No image is to be carried over; reproduce the rest of the listing word for word.

------------------------

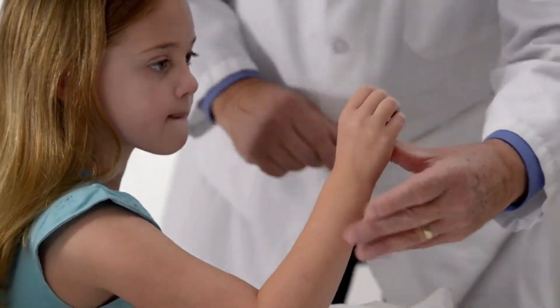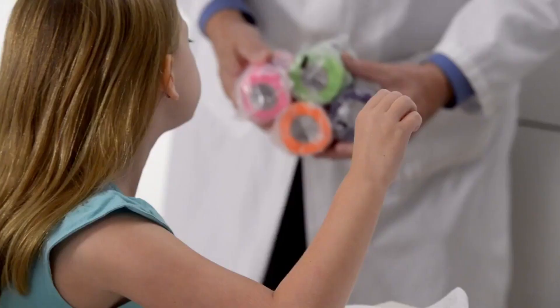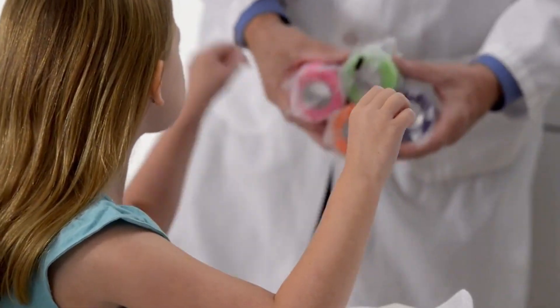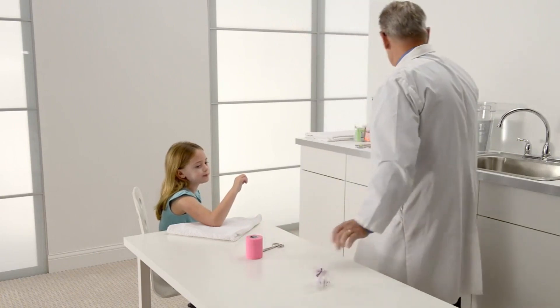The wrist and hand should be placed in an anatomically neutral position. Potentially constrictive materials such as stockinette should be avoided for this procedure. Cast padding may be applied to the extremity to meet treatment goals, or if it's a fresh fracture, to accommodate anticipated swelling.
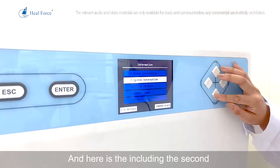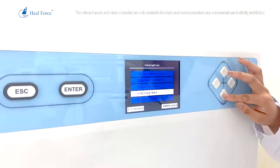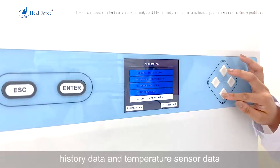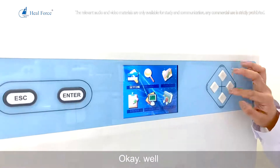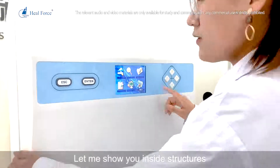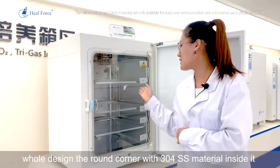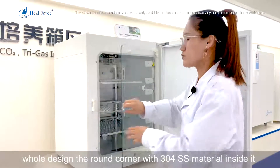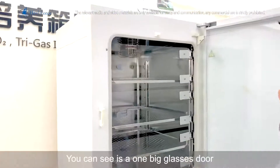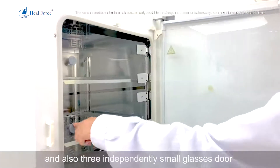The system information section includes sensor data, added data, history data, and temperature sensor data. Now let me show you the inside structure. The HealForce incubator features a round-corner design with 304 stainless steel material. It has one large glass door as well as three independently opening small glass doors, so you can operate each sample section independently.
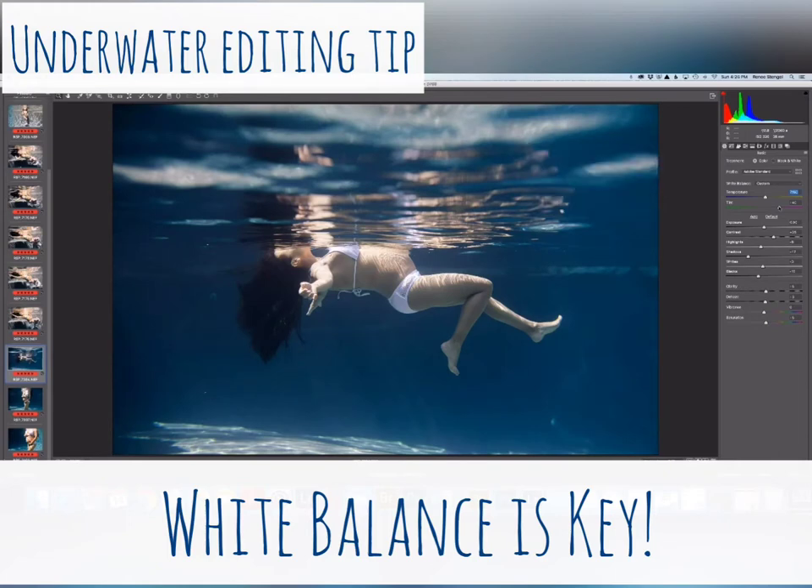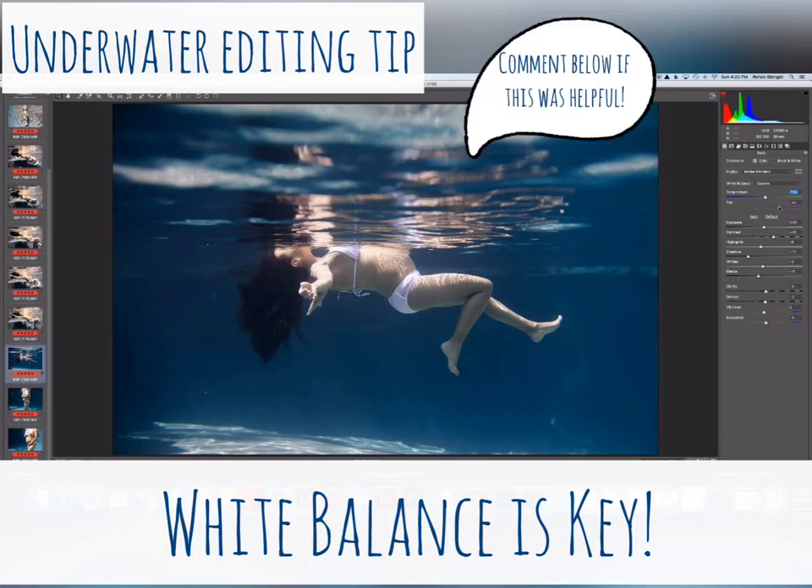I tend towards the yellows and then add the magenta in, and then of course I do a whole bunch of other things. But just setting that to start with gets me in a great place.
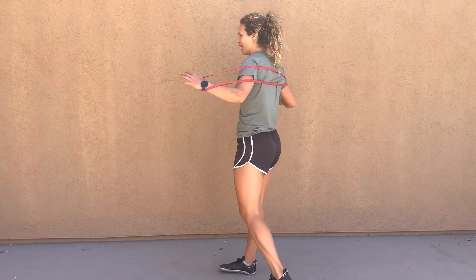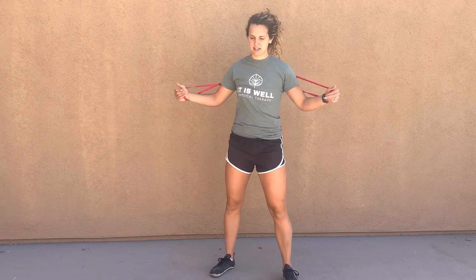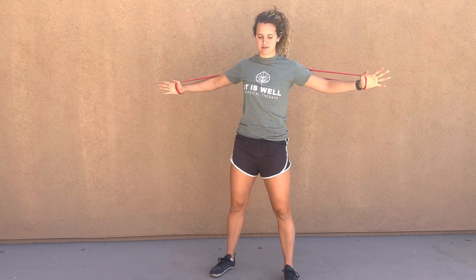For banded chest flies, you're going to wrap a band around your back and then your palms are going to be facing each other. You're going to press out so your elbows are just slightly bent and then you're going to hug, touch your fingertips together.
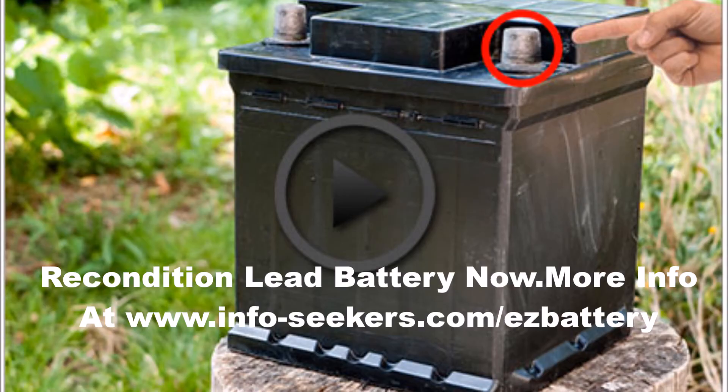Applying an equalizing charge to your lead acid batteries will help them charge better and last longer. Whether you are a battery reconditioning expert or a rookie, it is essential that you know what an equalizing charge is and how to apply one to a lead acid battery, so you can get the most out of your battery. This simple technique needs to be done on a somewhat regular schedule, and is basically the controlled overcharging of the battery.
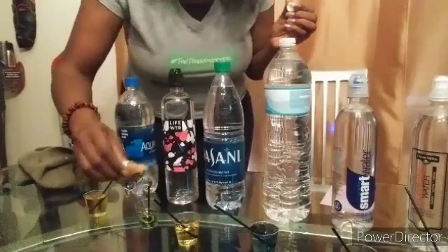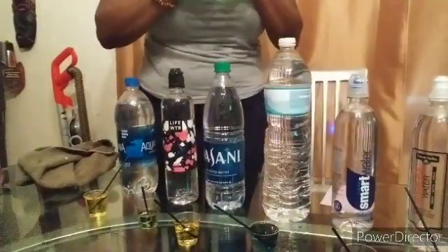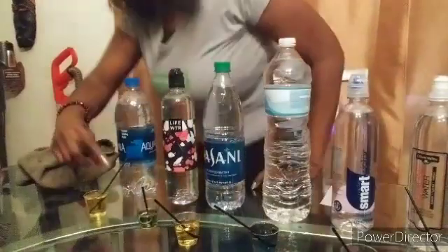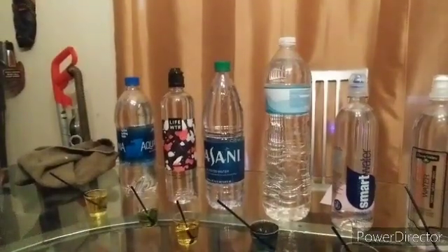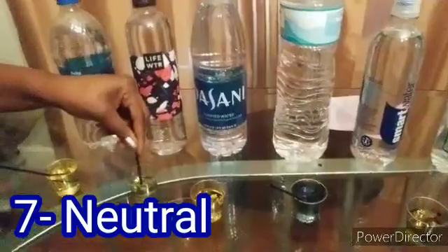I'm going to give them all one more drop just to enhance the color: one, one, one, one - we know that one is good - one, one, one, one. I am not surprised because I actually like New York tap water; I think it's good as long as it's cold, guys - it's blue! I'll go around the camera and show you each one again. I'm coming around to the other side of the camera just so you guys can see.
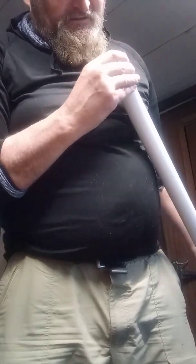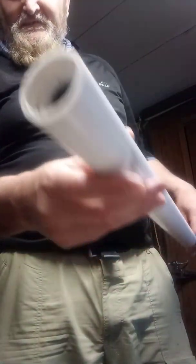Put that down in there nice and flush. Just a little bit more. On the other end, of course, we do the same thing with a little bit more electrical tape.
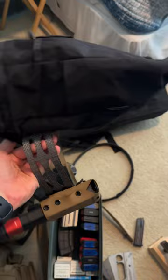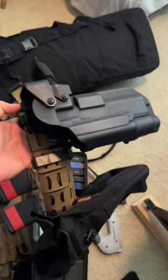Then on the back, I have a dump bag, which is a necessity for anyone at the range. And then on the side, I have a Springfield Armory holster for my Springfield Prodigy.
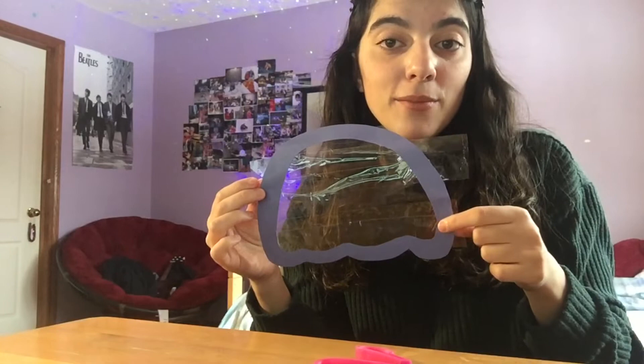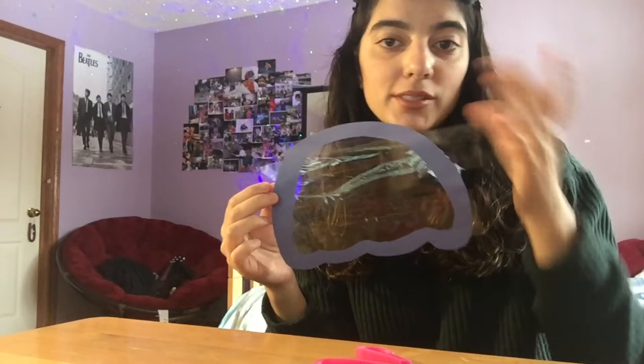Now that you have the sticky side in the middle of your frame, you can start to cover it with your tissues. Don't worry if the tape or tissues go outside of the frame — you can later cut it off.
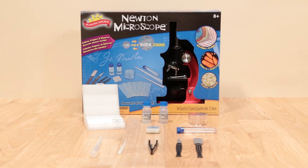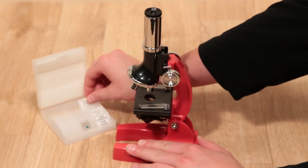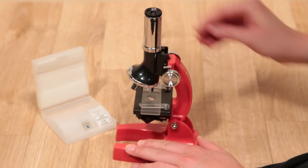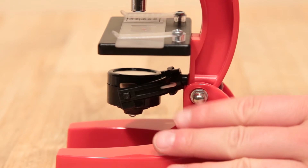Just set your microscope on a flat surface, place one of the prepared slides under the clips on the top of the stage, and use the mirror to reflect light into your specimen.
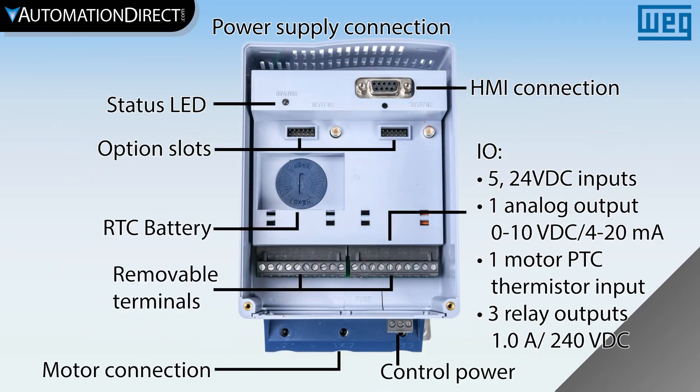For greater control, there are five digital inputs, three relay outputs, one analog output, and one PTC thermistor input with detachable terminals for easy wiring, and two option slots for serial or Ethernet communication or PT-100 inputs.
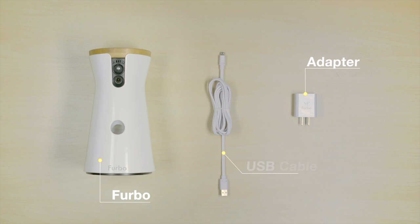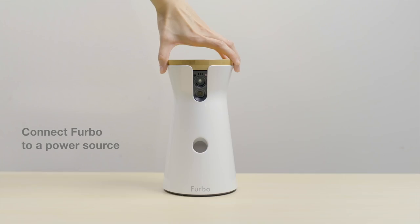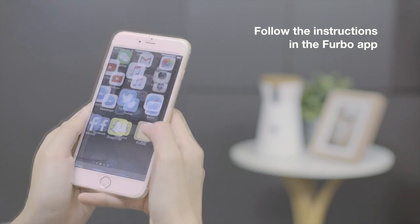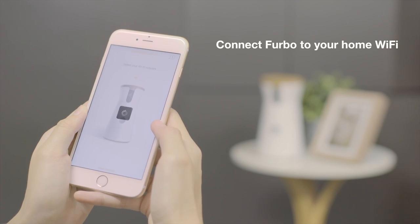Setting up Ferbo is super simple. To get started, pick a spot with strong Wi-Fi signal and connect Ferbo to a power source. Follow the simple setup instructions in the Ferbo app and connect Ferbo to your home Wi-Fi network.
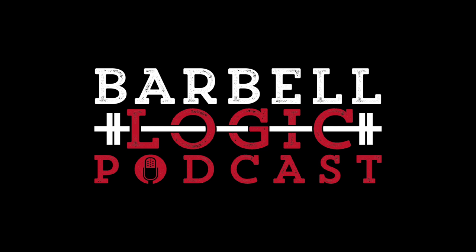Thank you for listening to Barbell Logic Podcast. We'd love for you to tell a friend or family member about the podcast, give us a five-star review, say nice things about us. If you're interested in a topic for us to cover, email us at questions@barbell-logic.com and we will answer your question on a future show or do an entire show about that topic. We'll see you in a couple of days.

------------------------

§ **Response**:
The wrist and hand should be placed in an anatomically neutral position. Potentially constrictive materials such as stockinette should be avoided for this procedure. Cast padding may be applied to the extremity to meet treatment goals, or if it's a fresh fracture, to accommodate anticipated swelling.
The system information section includes sensor data, added data, history data, and temperature sensor data. Now let me show you the inside structure. The HealForce incubator features a round-corner design with 304 stainless steel material. It has one large glass door as well as three independently opening small glass doors, so you can operate each sample section independently.
I tend towards the yellows and then add the magenta in, and then of course I do a whole bunch of other things. But just setting that to start with gets me in a great place.
For banded chest flies, you're going to wrap a band around your back and then your palms are going to be facing each other. You're going to press out so your elbows are just slightly bent and then you're going to hug, touch your fingertips together.
Applying an equalizing charge to your lead acid batteries will help them charge better and last longer. Whether you are a battery reconditioning expert or a rookie, it is essential that you know what an equalizing charge is and how to apply one to a lead acid battery, so you can get the most out of your battery. This simple technique needs to be done on a somewhat regular schedule, and is basically the controlled overcharging of the battery.
I'm going to give them all one more drop just to enhance the color: one, one, one, one - we know that one is good - one, one, one, one. I am not surprised because I actually like New York tap water; I think it's good as long as it's cold, guys - it's blue! I'll go around the camera and show you each one again. I'm coming around to the other side of the camera just so you guys can see.
Put that down in there nice and flush. Just a little bit more. On the other end, of course, we do the same thing with a little bit more electrical tape.
Then on the back, I have a dump bag, which is a necessity for anyone at the range. And then on the side, I have a Springfield Armory holster for my Springfield Prodigy.
Now that you have the sticky side in the middle of your frame, you can start to cover it with your tissues. Don't worry if the tape or tissues go outside of the frame — you can later cut it off.
Just set your microscope on a flat surface, place one of the prepared slides under the clips on the top of the stage, and use the mirror to reflect light into your specimen.
For greater control, there are five digital inputs, three relay outputs, one analog output, and one PTC thermistor input with detachable terminals for easy wiring, and two option slots for serial or Ethernet communication or PT-100 inputs.
Setting up Ferbo is super simple. To get started, pick a spot with strong Wi-Fi signal and connect Ferbo to a power source. Follow the simple setup instructions in the Ferbo app and connect Ferbo to your home Wi-Fi network.
Thank you for listening to Barbell Logic Podcast. We'd love for you to tell a friend or family member about the podcast, give us a five-star review, say nice things about us. If you're interested in a topic for us to cover, email us at questions@barbell-logic.com and we will answer your question on a future show or do an entire show about that topic. We'll see you in a couple of days.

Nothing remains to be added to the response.